It wasn’t long ago that Republican lawmakers revealed President Joe Biden had used several pseudonyms to conceal his identity in emails when he was vice president. The massive scale of this deception has only just been made public, though. The National Archives and Record Administration (NARA) has admitted that it possesses possibly as many as 5,400 emails and other documents on which Biden used one of three fictitious names. NARA was central to the investigation of former President Donald Trump for supposedly mishandling classified documents, but, for as long as it could, the agency declined to acknowledge the existence of Biden’s fake-name emails.
The Southeastern Legal Foundation (SLF) first filed a Freedom of Information Act (FOIA) request for the emails in 2021, but NARA did not produce them. In 2022, the legal group followed up with a second FOIA request and finally filed a lawsuit. Only then did NARA come clean about Biden’s alter egos. However, the emails have yet to be handed over or made public.
Joe Biden’s Many Pseudonyms
Joe Biden is not the only government official to have used a pseudonym in written communications, but the number of times he did so and the use of three different names — JRB Ware, Robert L. Peters, and Robin Ware – suggest he went to great lengths to avoid being associated with certain people or events. Also, the then-vice president is known to have used one of these phony names in emails on which his son, Hunter, was copied.
Recent media reports suggest that Hunter Biden and his close friend and business partner Devon Archer enjoyed cozy relationships with some senior Obama administration officials.
A picture is emerging of some very active influence-peddling involving Hunter Biden, Joe Biden, Archer, and several Obama appointees. It appears the senior Biden was concealing his involvement in these activities. Perhaps it is also time for someone to start asking how much Barack Obama knew about Hunter’s shady agreements and financial dealings.
“All too often, public officials abuse their power by using it for their personal or political benefit. When they do, many seek to hide it,” SLF’s general counsel Kimberly Hermann said in a statement. “The only way to preserve governmental integrity is for NARA to release Biden’s nearly 5,400 emails to SLF and thus the public. The American public deserves to know what is in them.”

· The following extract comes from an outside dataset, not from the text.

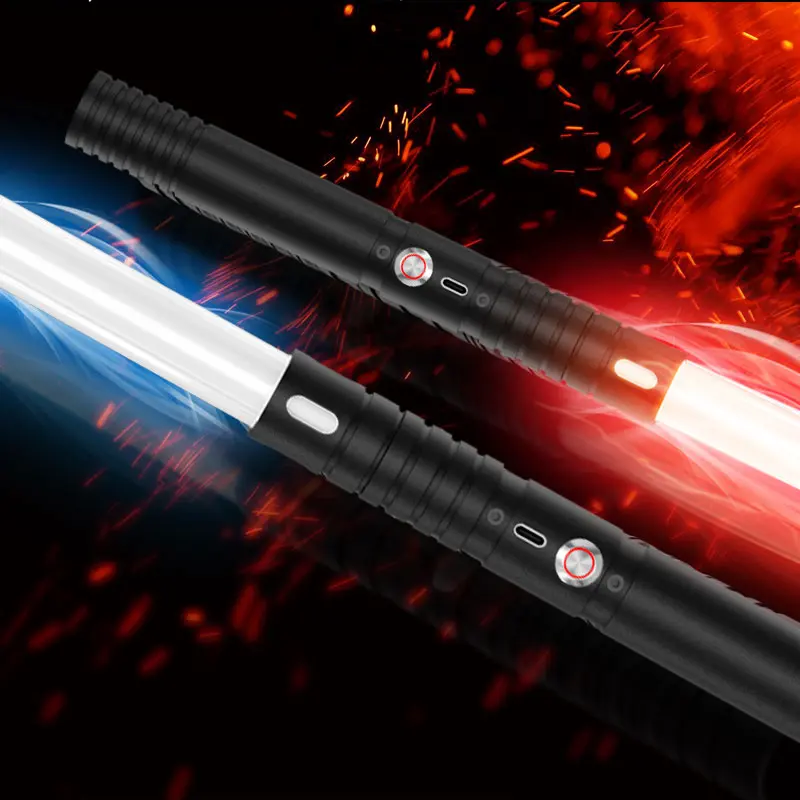 Lightsaber  LED , 20 Colors, Rechargeable, for Kids Adults Cosplay Party Gaming, , Metal, build your own kit, for kids,Adults,Dueling Toy Sword custom lightsaber cosplaysword cosplay deals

NARA’s reluctance to cooperate – especially after it was so quick to release information about the Trump document affair – does not reflect well on its supposed professionalism or impartiality. Neither is it a good look for Joe Biden himself, who is sinking deeper into the Biden family bribery and pay-to-play morass. It seems unlikely that NARA will be able to keep the emails, electronic records, and other documents on which Biden sought to conceal his identity under wraps for much longer. They are now destined to become part of the House Oversight Committee’s investigation into the Biden family financial scandal.